Joel et Etan n'ont pas raté de rafler le prix de la mise en scène de Cannes. Et c'est amplement mérité tant la réalisation du film est maîtrisée. Difficile de ne pas être happé par la blancheur de la scénographie où chaque tache de sang dans la neige compose un tableau morbide tout au long du film. L'ensemble des plans larges sur cette région glaciale plonge tout naturellement le spectateur dans un univers isolé où il ne semble plus y avoir de confins, de voies de secours.
Une fois le décor posé, les réalisateurs font un usage très méticuleux du rythme qui donne au film tout son corps : chaque plan est assumé pleinement sans aucune précipitation - ce qui est souvent le risque lorsque l'on réalise un film "policier" - tandis que les rebondissements successifs permettent de tenir le spectateur en constante haleine.

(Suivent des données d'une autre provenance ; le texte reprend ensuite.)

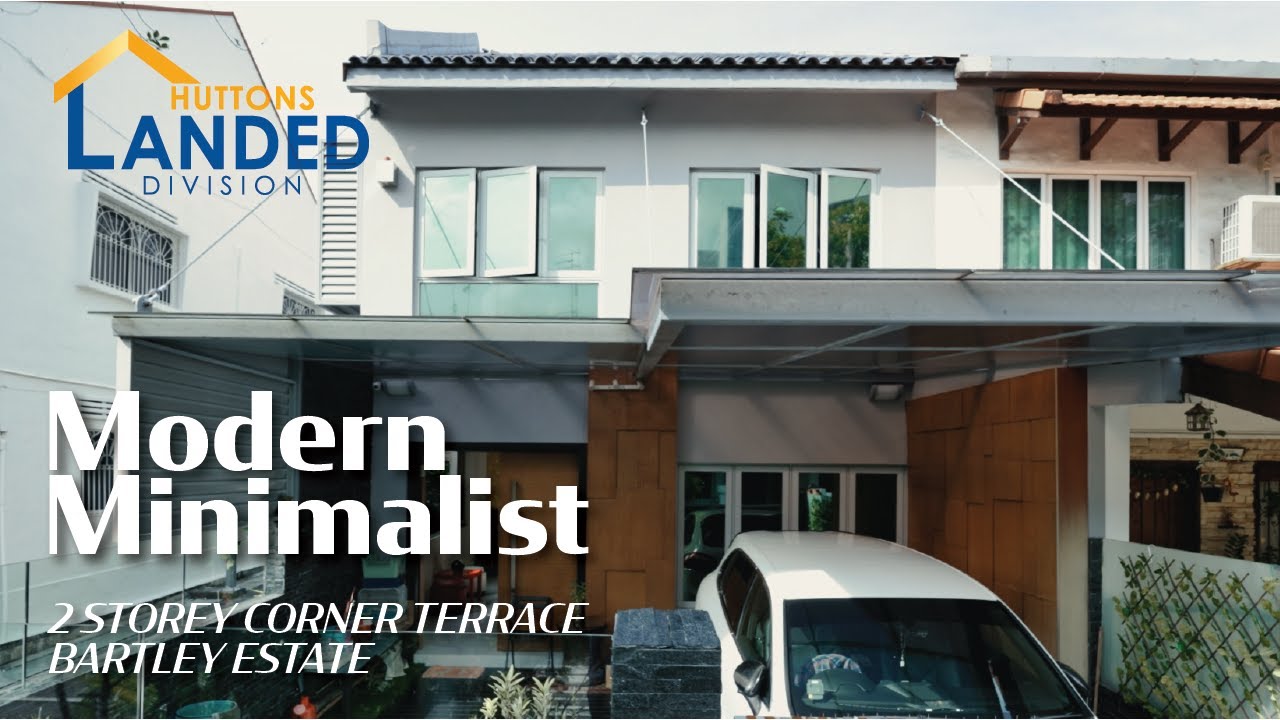 2 Storey Corner Terrace at Bartley Estate YouTube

Scénario qui se voit par ailleurs saupoudré d'une fine couche d'humour noir venant ajouter un supplément d'absurdité au film.
Mais surtout, le traitement du sujet est équilibré. Fargo ne se morfond pas dans un suspense policier où l'on resterait bloqué du seul point du vue de l'enquêteur au dépend du reste des personnages. Les Coen s'efforcent à partager judicieusement la présence de la caméra dont l'ubiquité multiplie la richesse du film et la médiocrité ambiante inhérente à chaque personnage. Parce qu'au final, on ne sait pas trop si l'on a visionné une intrigue policière ou bien une sombre comédie tant la réalisation refuse d'emprunter les codes formels du genre.
Fargo est définitivement empreinte de la patte des frères Coen : une succession d'échecs qui entraîne les personnages dans une aventure tragi-comique dont la fatalité guette chaque instant. Et en ce sens, ce film fait figure de manifeste.
On n'oubliera pas de saluer la performances de Frances Mc Dormand dont l'air hagard ajoute une touche irrésistible de légèreté au film. Au final, les frères Coen signent ici un de leurs trois meilleurs films, avec No country for old men et the big Lebowsky.